### Exercise aim
As you reproduce every line below, keep it exactly as written and leave out the images.

### Supplied data
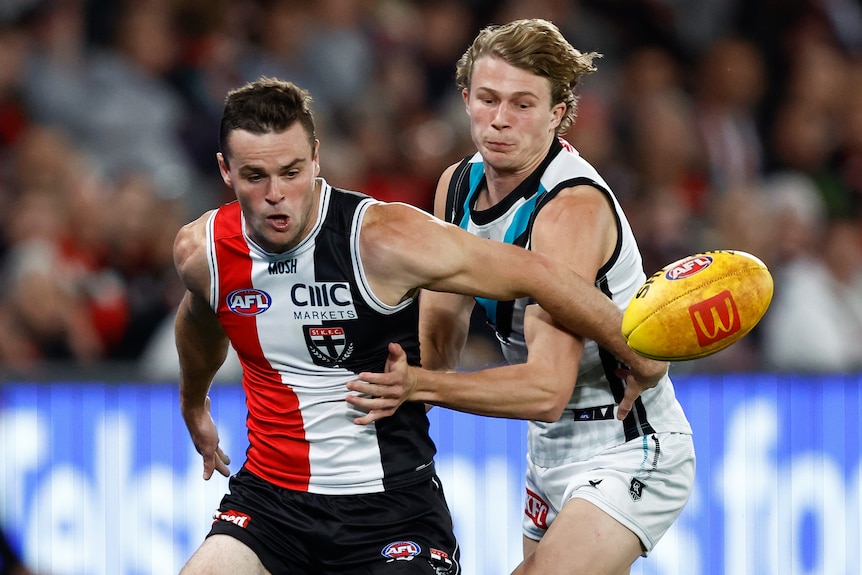 A St Kilda AFL player and a Port Adelaide opponent contest for the ball.
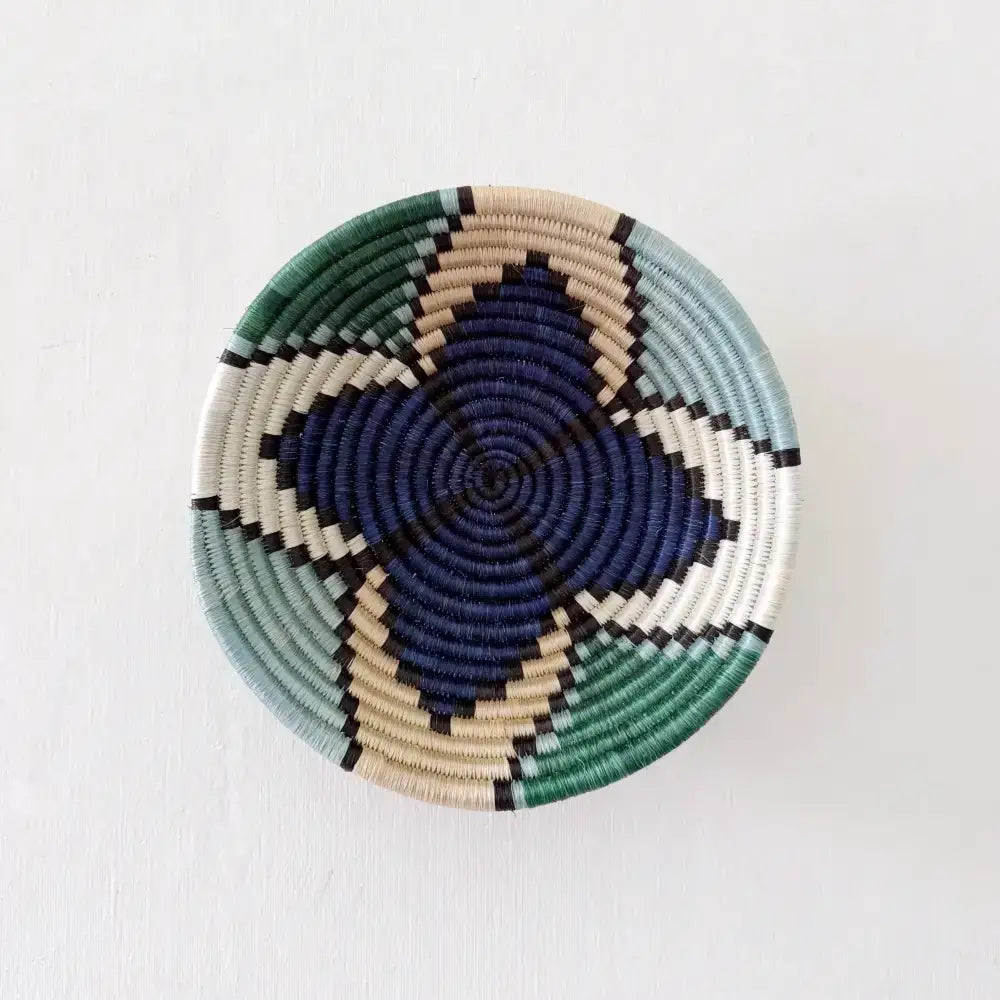 Small star sisal bowl handwoven african basket with navy blue teal green cream and black geometric pattern and hanging loop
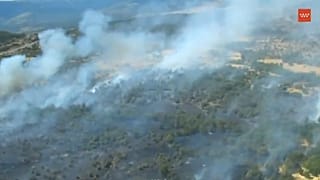 Vista do incêndio florestal declarado em Lozoyuela, a norte da Comunidade de Madrid, 16 de julho de 2026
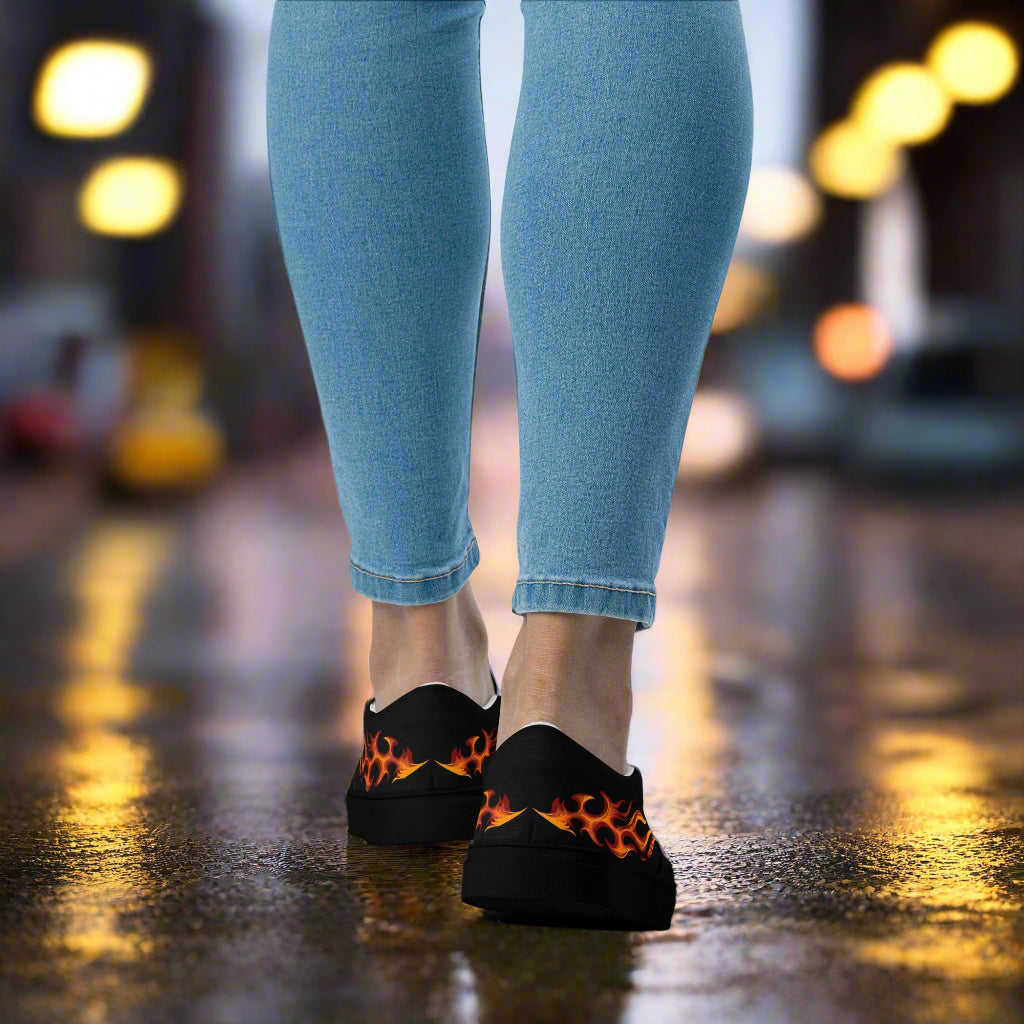 Tribal flame slip on canvas shoes with vibrant flame design, perfect for casual outings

### Solution for this exercise
 A St Kilda AFL player and a Port Adelaide opponent contest for the ball.
 Small star sisal bowl handwoven african basket with navy blue teal green cream and black geometric pattern and hanging loop
 Vista do incêndio florestal declarado em Lozoyuela, a norte da Comunidade de Madrid, 16 de julho de 2026
 Tribal flame slip on canvas shoes with vibrant flame design, perfect for casual outings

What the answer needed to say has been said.